A straightforward analysis shows that the overall query time is \(O(\log n)\) even in worst-case. The worst-case space cost is not near-linear, as the \({\mathcal {U}}\)-RSS data structure \({\mathcal {C}}\) may occupy quadratic space by Lemma 4.6. Interestingly, we can show that the average-case space cost is in fact \(O(n \log n)\). The crucial thing is to bound the average-case space of the sub-structures stored at the secondary nodes. The intuition for bounding the average-case space of the \({\mathcal {Q}}\)-RCP and TBEP/LREP sub-structures comes directly from the average-case performance of our \({\mathcal {Q}}\)-RCP data structure (Theorem 2.2) and TBEP/LREP data structure (Lemma 4.4).

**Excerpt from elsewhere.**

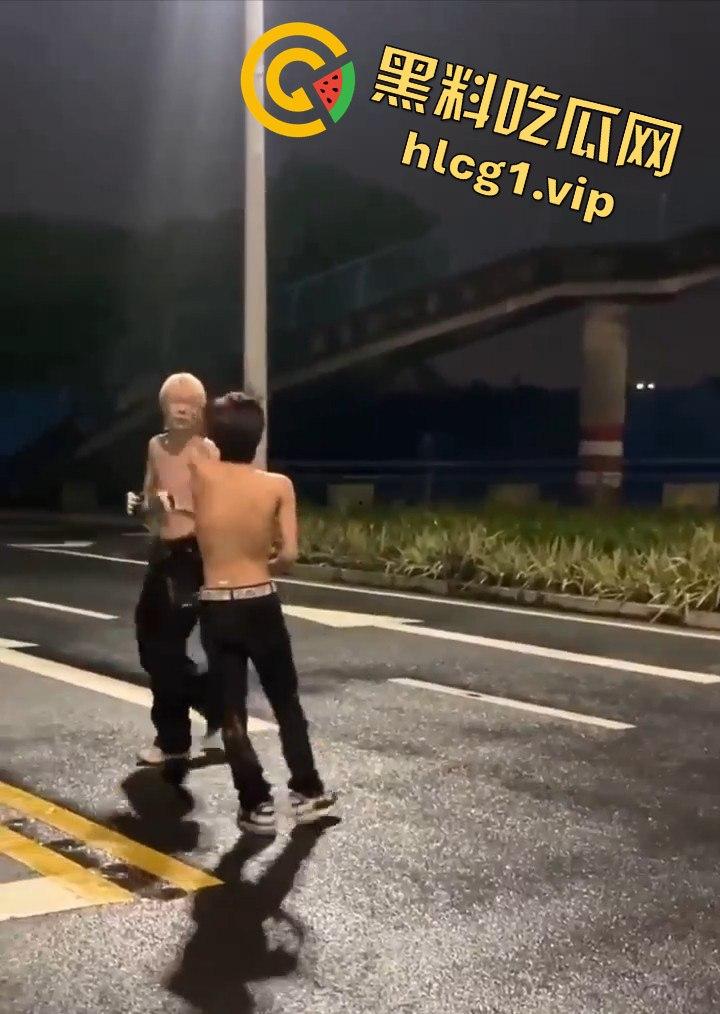 街头乱斗猴王争霸，两只精神瘦猴子大打出手，围观群众目瞪口呆！-1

However, to bound the average-case space of the \({\mathcal {U}}\)-RSS sub-structures is much more difficult. By our construction, the segments stored in these sub-structures are 3-sided candidate pairs that cross a line. As such, we have to study the expected number of such candidate pairs in a random dataset. To this end, we recall Lemma 3.1. Let l be a vertical line, and \(S \propto \prod _{i=1}^n I_i\) be a random dataset drawn from vertical aligned segments \(I_1,\dots ,I_n\) as in Lemma 3.1. Suppose we build a \({\mathcal {U}}\)-RSS data structure \({\mathcal {C}}(\varPhi )\) on \(\varPhi = \varPhi _l(S,{\mathcal {U}}^\downarrow )\). Using Lemma 3.1, a direct calculation gives us \({\mathbb {E}}[|\varPhi _l(S,{\mathcal {U}}^\downarrow )|] = O(\log ^2\! n)\). Unfortunately, this is not sufficient for bounding the average-case space of \({\mathcal {C}}(\varPhi )\), because \({\mathbb {E}}[\mathsf {Space}({\mathcal {C}}(\varPhi ))] = O({\mathbb {E}}[|\varPhi _l(S,{\mathcal {U}}^\downarrow )|^2])\) and in general \({\mathbb {E}}[|\varPhi _l(S,{\mathcal {U}}^\downarrow )|^2] \ne {\mathbb {E}}^2[|\varPhi _l(S,{\mathcal {U}}^\downarrow )|]\). Therefore, we need a bound for \({\mathbb {E}}[|\varPhi _l(S,{\mathcal {U}}^\downarrow )|^2]\), which can also be obtained using Lemma 3.1, but requires nontrivial work.

Lemma 4.7

Let l be a vertical (resp., horizontal) line and \(S \propto \prod _{i=1}^n I_i\) where \(I_1,\dots ,I_n\) are distinct vertical (resp., horizontal) aligned segments. Then for \({\mathcal {X}} \in \{{\mathcal {U}}^\downarrow ,{\mathcal {U}}^\uparrow \}\) (resp., \({\mathcal {X}} \in \{{\mathcal {U}}^\leftarrow ,{\mathcal {U}}^\rightarrow \}\)), \({\mathbb {E}}[|\varPhi _l(S,{\mathcal {X}})|] =O(\log ^2\! n)\) and \({\mathbb {E}}[|\varPhi _l(S,{\mathcal {X}})|^2] = O(\log ^4\! n)\).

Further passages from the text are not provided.